Axaxaxas documentation¶
Axaxaxas - making sense of nonsense.
Axaxaxas is a Python 3.3 implementation of an Earley parser. Earley parsers are a robust parser that can recognize any context-free grammar, with good support for amiguous grammars. They have linear performance for a wide class of grammars, and worst case O(n^3).
Usage¶
This section assumes you are familiar with the basic terminology involved in parsing Context Free grammars.
Defining a Grammar¶
A grammar is stored as a collection of ParseRule
objects inside a ParseRuleSet
. Each ParseRule
is a single
production from a “head” (symbol named by string), to a list of Symbol
objects. Multiple ParseRule
objects with
the same head define alternative productions.
For example, the following Backus-Naur notated grammar:
<sentence> ::= <noun> <verb> <noun>
<noun> ::= "man" | "dog"
<verb> ::= "bites"
Would be expressed:
from axaxaxas import ParseRule, ParseRuleSet, Terminal as T, NonTerminal as NT
grammar = ParseRuleSet()
grammar.add(ParseRule("sentence", [NT("noun"), NT("verb"), NT("noun")]))
grammar.add(ParseRule("noun", [T("man")]))
grammar.add(ParseRule("noun", [T("dog")]))
grammar.add(ParseRule("verb", [T("bites")]))
Invoking the parser¶
Having defined our grammar, we can attempt to parse it. Parsing operates on an iterator of token objects, There is no
lexer included. In the example above we have assumed that the tokens are Python strings, but they can be anything.
Often a formal lexer is not needed - we can use string.split
to produce lists of strings.
The parser is invoked with the parse
function:
from axaxaxas import parse
parse_forest = parse(grammar, "sentence", "man bites dog".split())
print(parse_forest.single())
# (sentence: (noun: 'man') (verb: 'bites') (noun: 'dog'))
Parse results¶
parse
returns a ParseForest
that contains a collection of ParseTree
objects. By calling single()
we
check that there is exactly one possible parse tree, and return it.

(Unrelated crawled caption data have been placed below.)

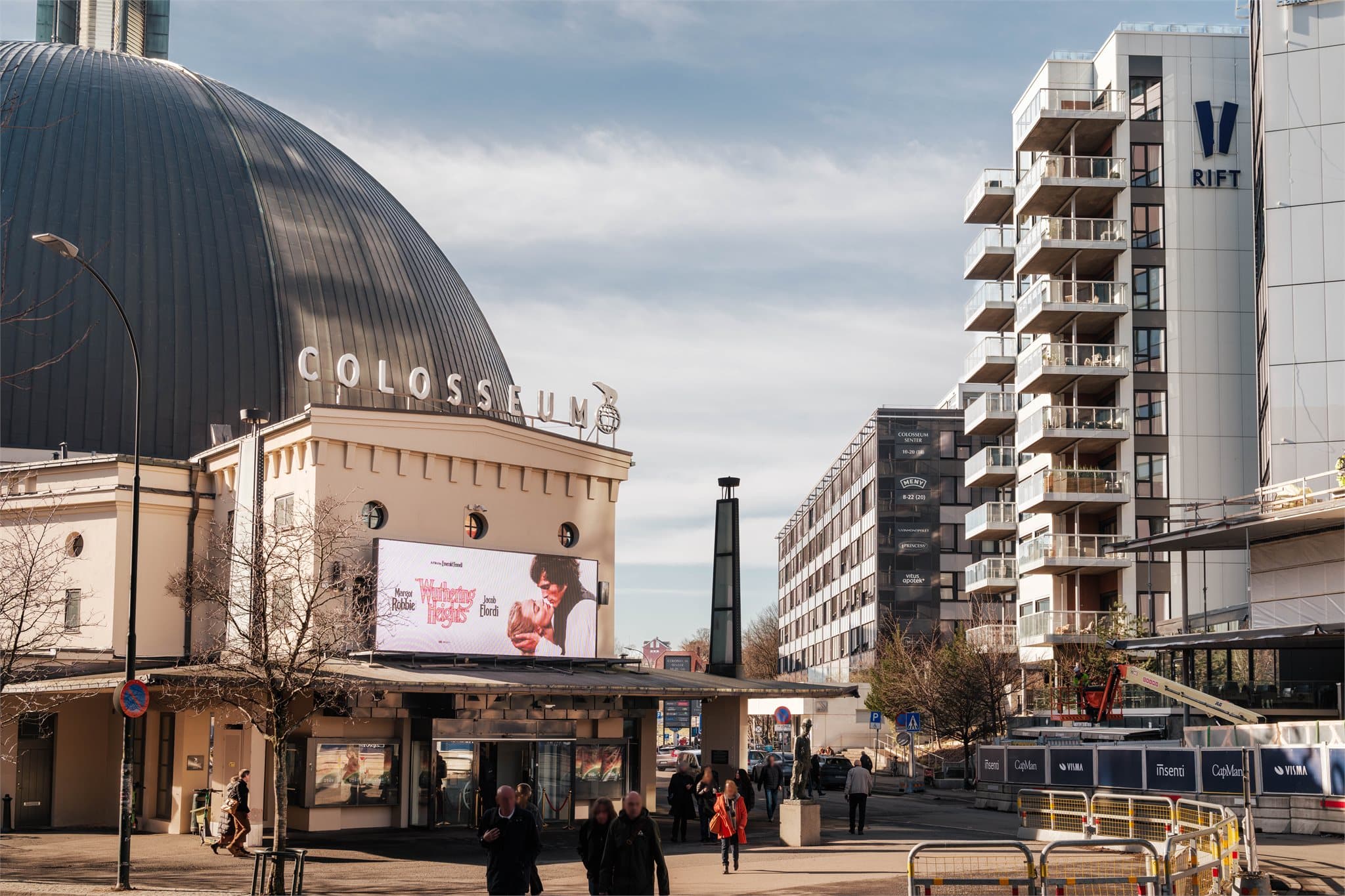 Fridtjof Nansens vei 5B kombinerer det beste fra to verdener, en skjermet og tilbaketrukket atmosfære, samtidig som du har umiddelbar nærhet til byens pulserende tilbud.
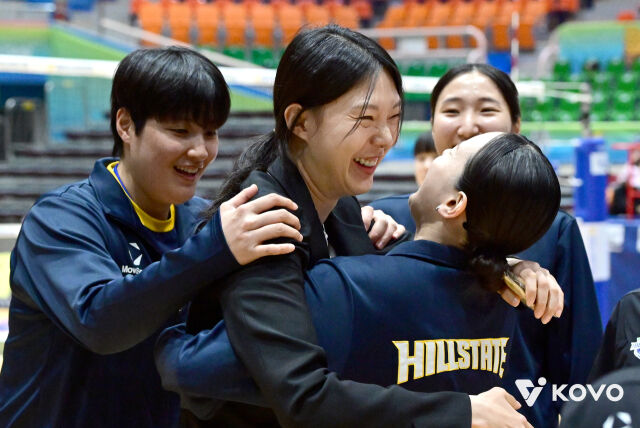 양효진 KBS N스포츠 배구해설위원이 14일 전남 여수 진남체육관에서 김희진, 정지윤 등 현대건설 선수들과 만나 반갑게 인사를 나누고 있다./한국배구연맹(KOVO) 제공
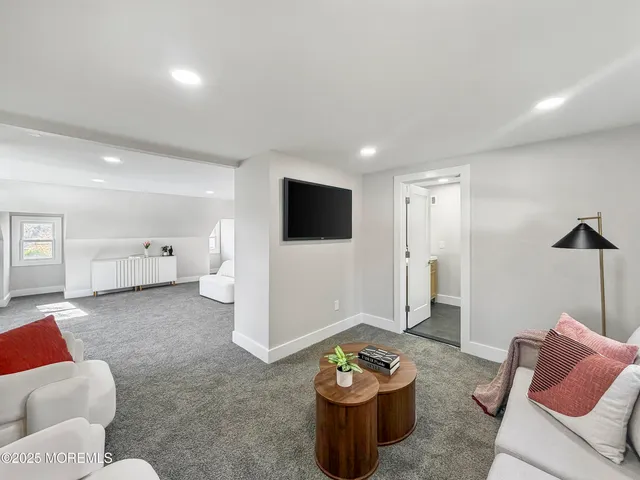 $729,900 | 39 Pine Avenue, Freehold, NJ 07728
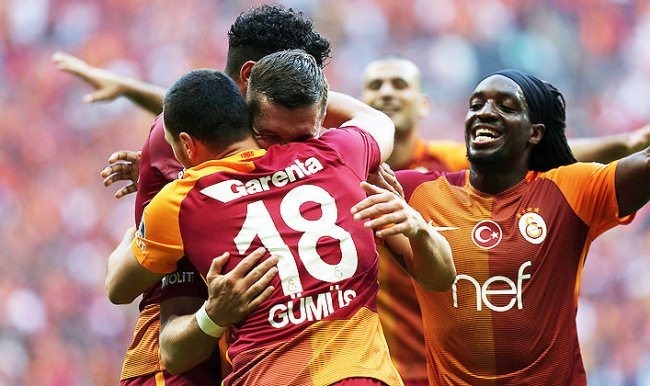 Büyük sürpriz! Premier Lig ekibi talip oldu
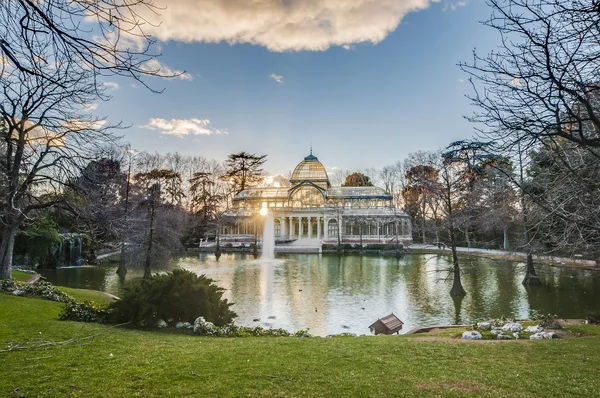 水晶宫殿在西班牙马德里的雷蒂罗公园. 图库图片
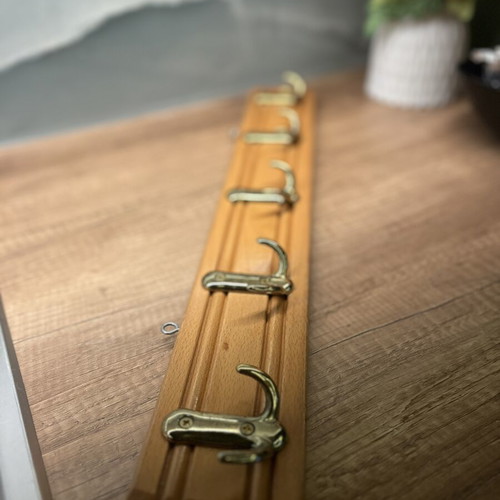 Wooden wall hanger with 5 double golden hooks like new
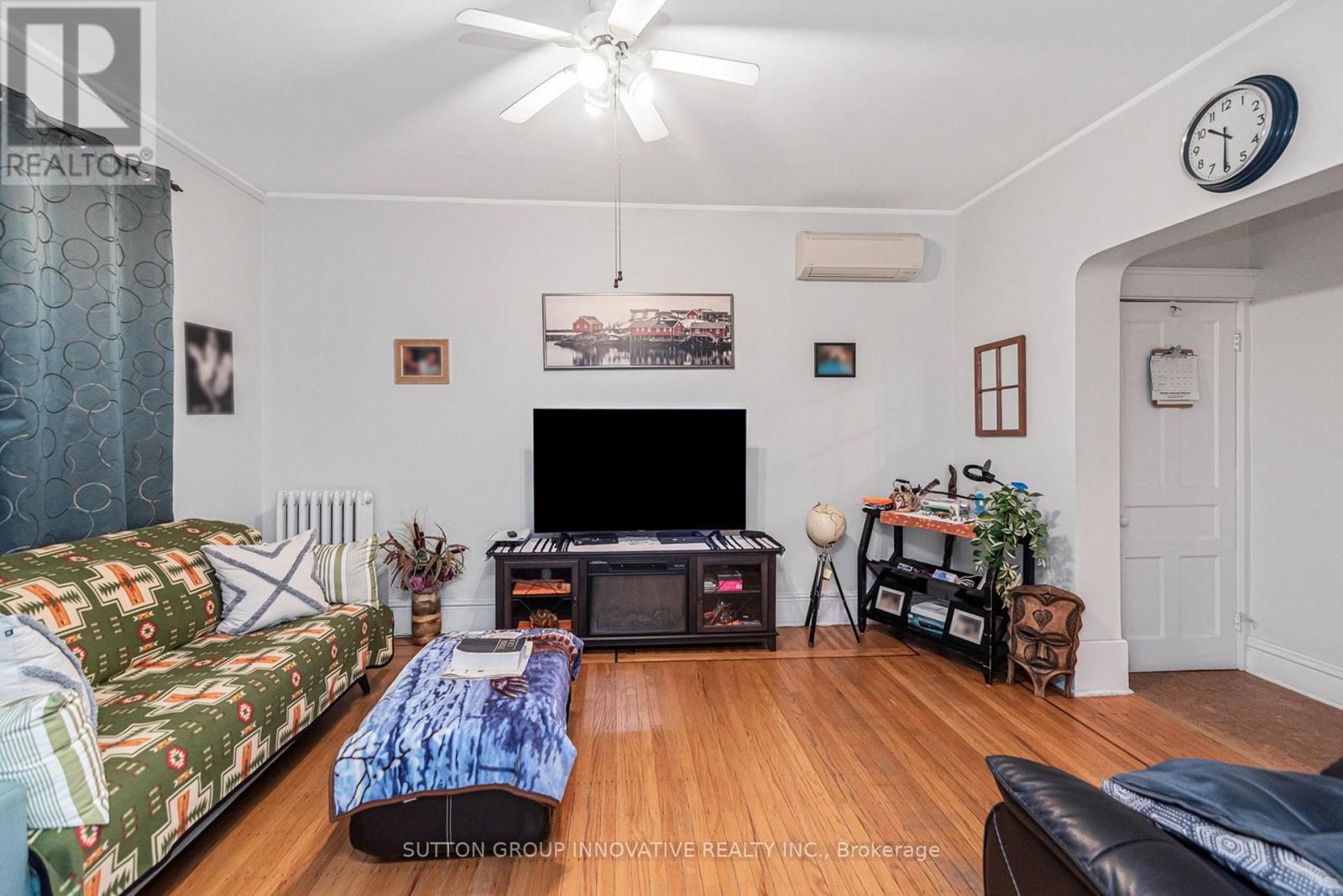 208 Holton Avenue South, Hamilton, ON photo 7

See Handling Ambiguity for more details.
ParseTree
objects themselves are a fairly straightforward representation. ParseTree.rule
contains the ParseRule
used to match the tokens, and ParseTree.children
contains a value for each symbol of the rule, where the value is
the token matched for terminals, or another ParseTree
for nonterminals.
Optional, Star and Plus¶
Any Symbol
can be declared with optional=True
to make it nullable - it must occur zero or one times. Similarly,
star=True
allows any number of occurences, min zero, and plus=True
allows any number of occurences, min one.

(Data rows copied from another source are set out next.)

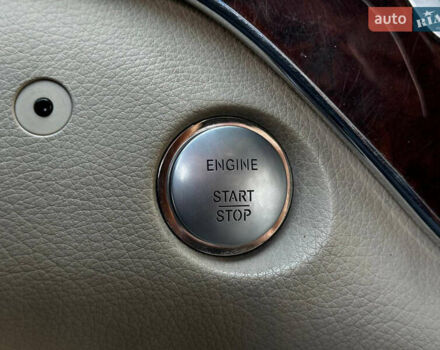 Чорний Мерседес С Клас, об'ємом двигуна 5.5 л та пробігом 391 тис. км за 12500 $, фото 4 на Automoto.ua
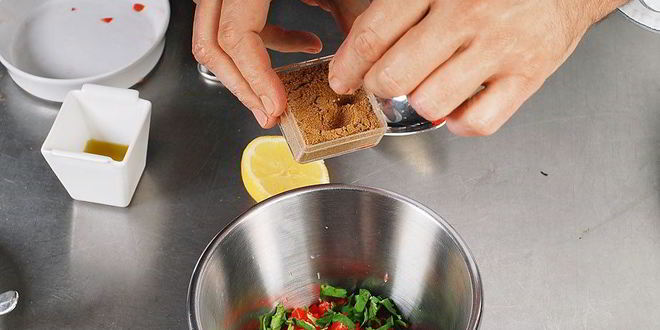 Рецепт фаршированных кальмаров на тартаре из томатов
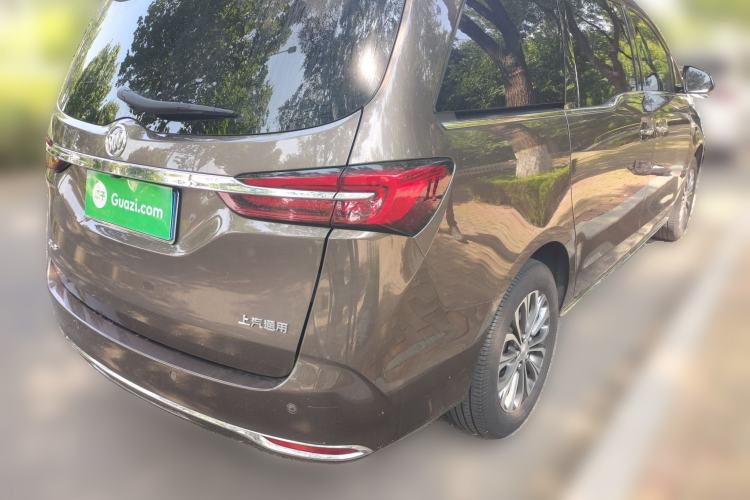 Used Buick GL8 2023 Facelifted Land Cruiser Executive Luxury Version Rear Right 45 Deg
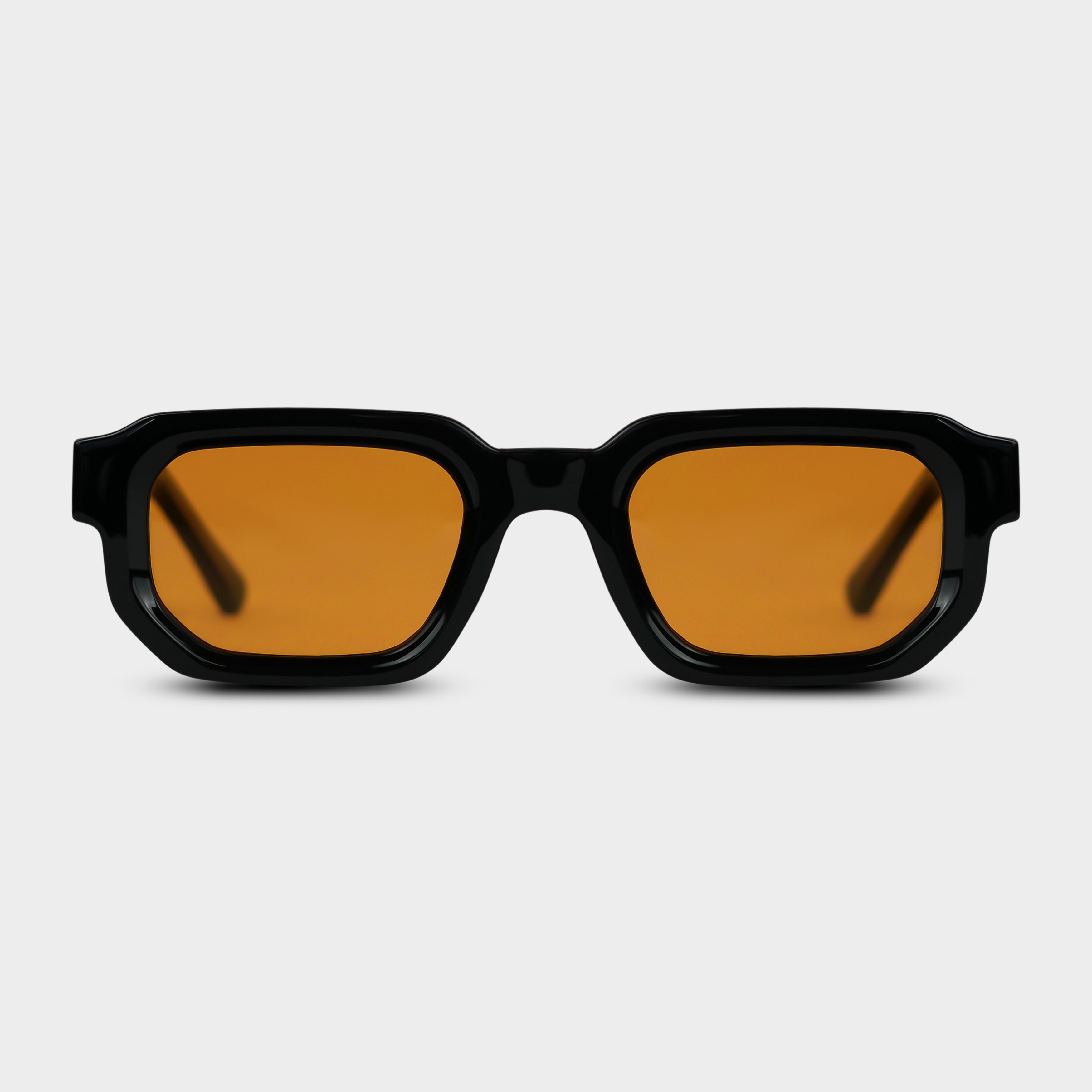 Solbriller med sort stel og orange glas set forfra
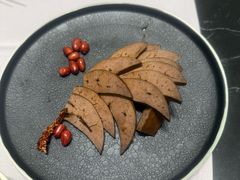 -红鼎豆捞·非遗鲍皇汤火锅(宝丰路店)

In the resulting parse tree, skipped optional symbols are represented with None
. star and plus elements become
tuples:
grammar.add(ParseRule("relative", [T("step", optional=True), T("sister")]))
grammar.add(ParseRule("relative", [T("great", star=True), T("grandfather")]))
print(parse(grammar, "relative", "sister".split()).single())
# (relative: None 'sister')
print(parse(grammar, "relative", "step sister".split()).single())
# (relative: 'step' 'sister')
print(parse(grammar, "relative", "grandfather".split()).single())
# (relative: () 'grandfather')
print(parse(grammar, "relative", "great great grandfather".split()).single())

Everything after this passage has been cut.